- [Assignment]: When you reach the line containing "MINNETONKA♡大人気" in the records below, start copying exactly, and stop once you have copied the line containing "Монітор Dell AW3425DWM (210-BQWL) Монітор".

- [Exercise material]:
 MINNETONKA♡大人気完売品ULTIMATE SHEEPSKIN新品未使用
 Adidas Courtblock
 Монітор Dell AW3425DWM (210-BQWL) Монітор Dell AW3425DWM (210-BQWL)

---

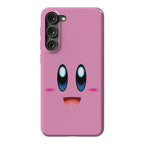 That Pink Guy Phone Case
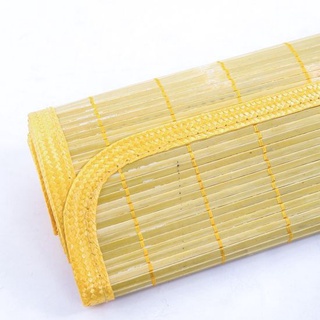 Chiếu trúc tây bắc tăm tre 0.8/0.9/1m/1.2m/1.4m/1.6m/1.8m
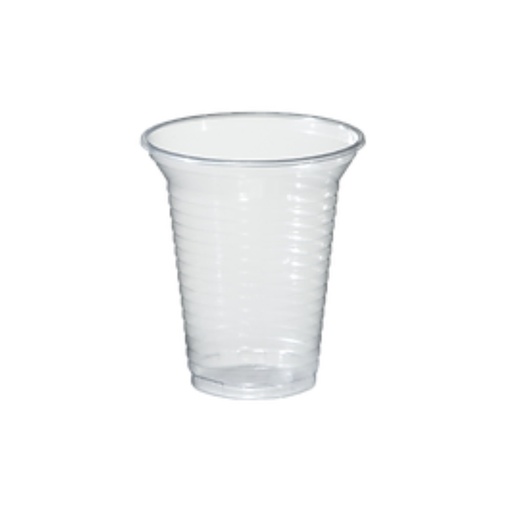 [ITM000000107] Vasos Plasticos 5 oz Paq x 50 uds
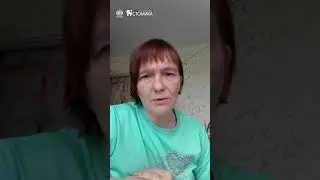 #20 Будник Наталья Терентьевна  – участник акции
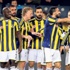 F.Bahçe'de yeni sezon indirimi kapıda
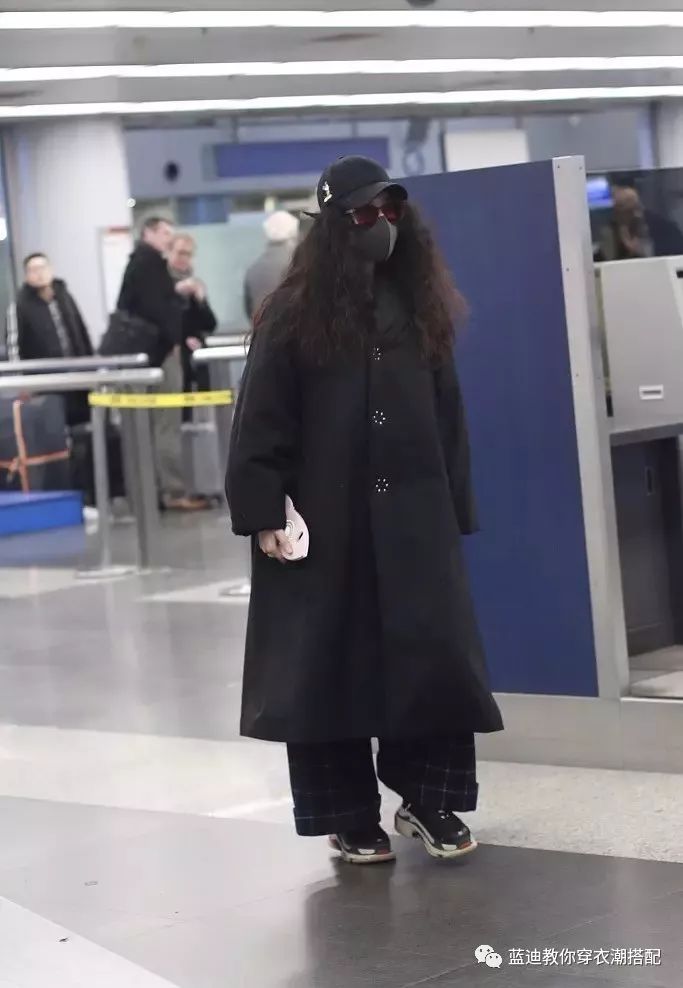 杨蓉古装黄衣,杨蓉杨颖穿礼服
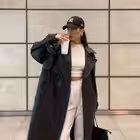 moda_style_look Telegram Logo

...

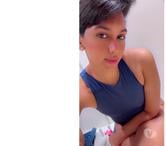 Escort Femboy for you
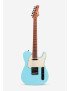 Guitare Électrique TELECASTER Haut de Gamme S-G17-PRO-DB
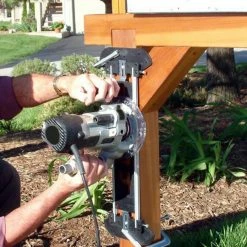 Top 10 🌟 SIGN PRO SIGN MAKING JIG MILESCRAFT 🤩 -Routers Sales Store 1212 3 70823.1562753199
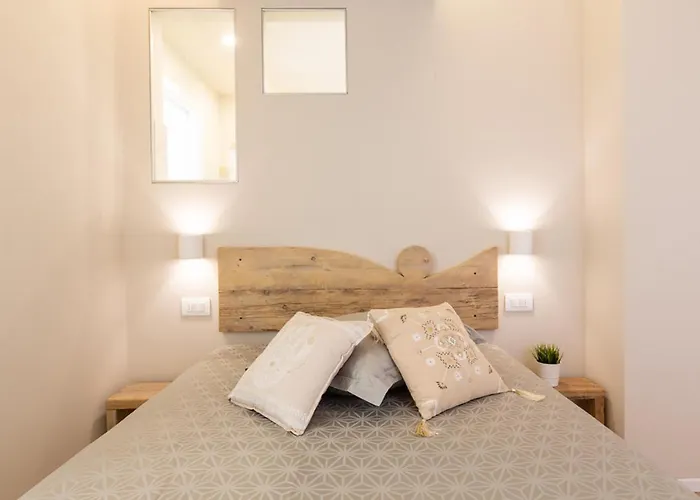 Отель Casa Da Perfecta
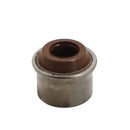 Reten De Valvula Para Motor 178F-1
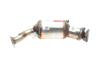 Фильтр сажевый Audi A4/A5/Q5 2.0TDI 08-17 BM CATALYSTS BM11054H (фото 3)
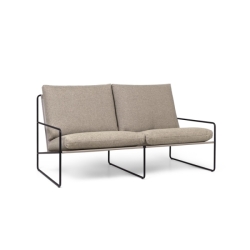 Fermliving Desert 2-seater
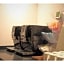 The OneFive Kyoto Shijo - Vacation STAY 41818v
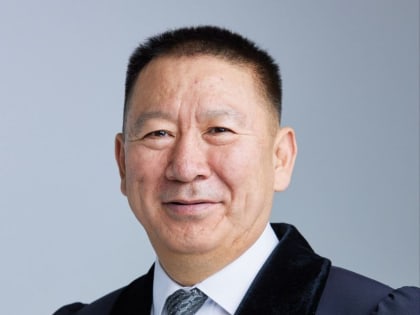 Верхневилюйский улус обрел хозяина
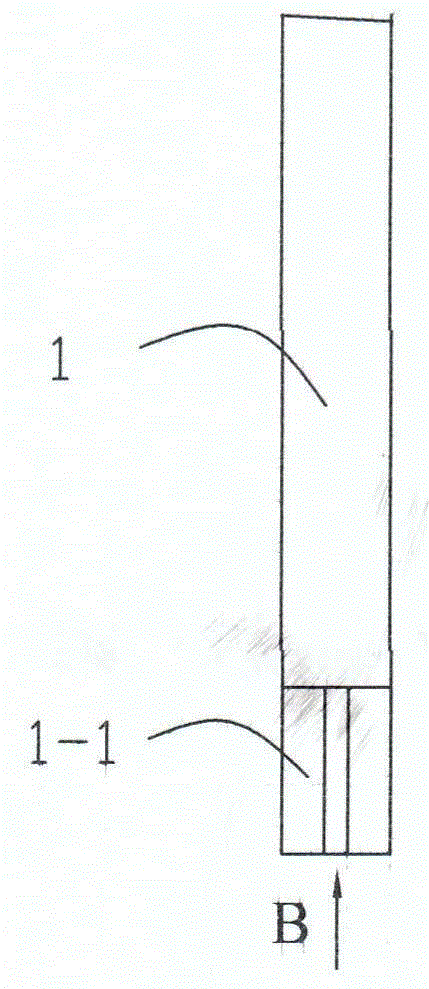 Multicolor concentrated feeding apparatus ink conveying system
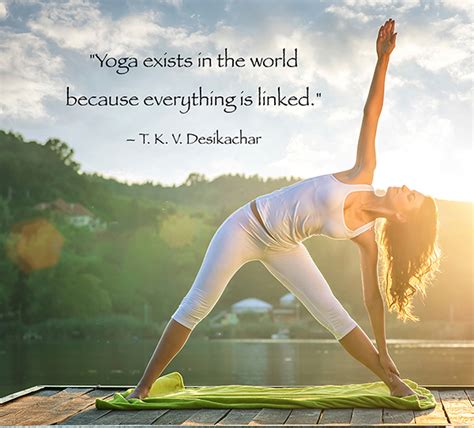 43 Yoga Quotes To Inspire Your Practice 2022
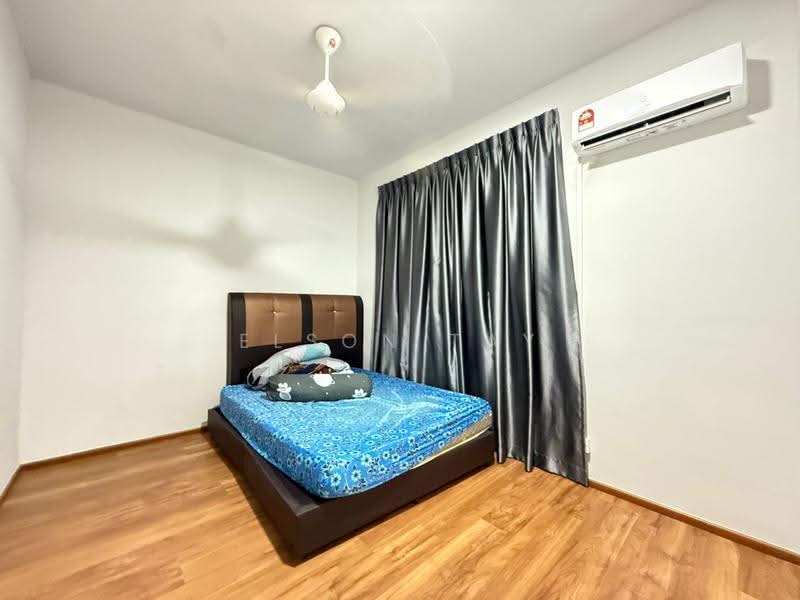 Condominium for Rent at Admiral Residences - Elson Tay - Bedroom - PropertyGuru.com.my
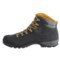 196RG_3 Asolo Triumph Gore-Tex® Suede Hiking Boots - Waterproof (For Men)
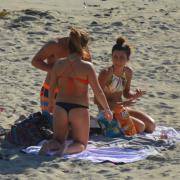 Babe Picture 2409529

- [Solution to this task]:
 MINNETONKA♡大人気完売品ULTIMATE SHEEPSKIN新品未使用
 Adidas Courtblock
 Монітор Dell AW3425DWM (210-BQWL) Монітор Dell AW3425DWM (210-BQWL)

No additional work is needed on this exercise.